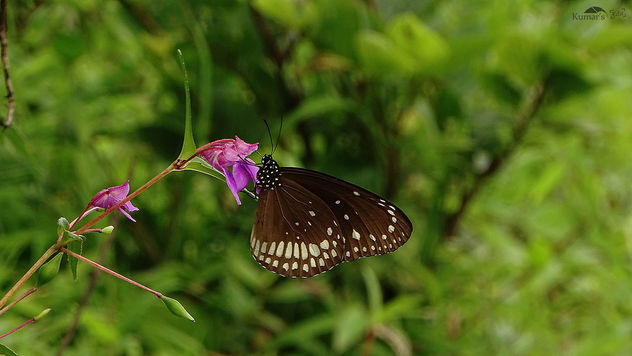 Butterfly on Flower Near Pune - Free image #392747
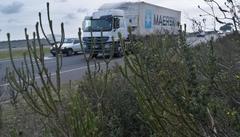 Leucadendron thymifolium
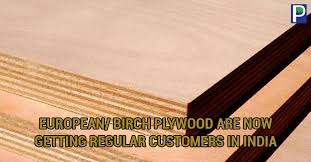 european birch plywood are now getting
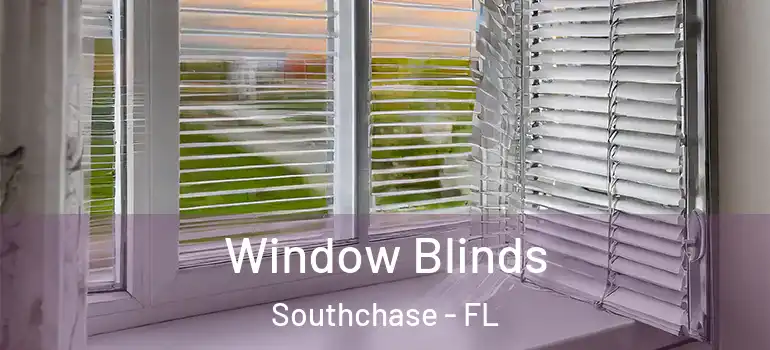 Window Blinds Southchase - FL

::::

▸ Activity
The data above should be set down again exactly, with the pictures omitted.

▸ Answer below
 Butterfly on Flower Near Pune - Free image #392747
 Leucadendron thymifolium
 european birch plywood are now getting
 Window Blinds Southchase - FL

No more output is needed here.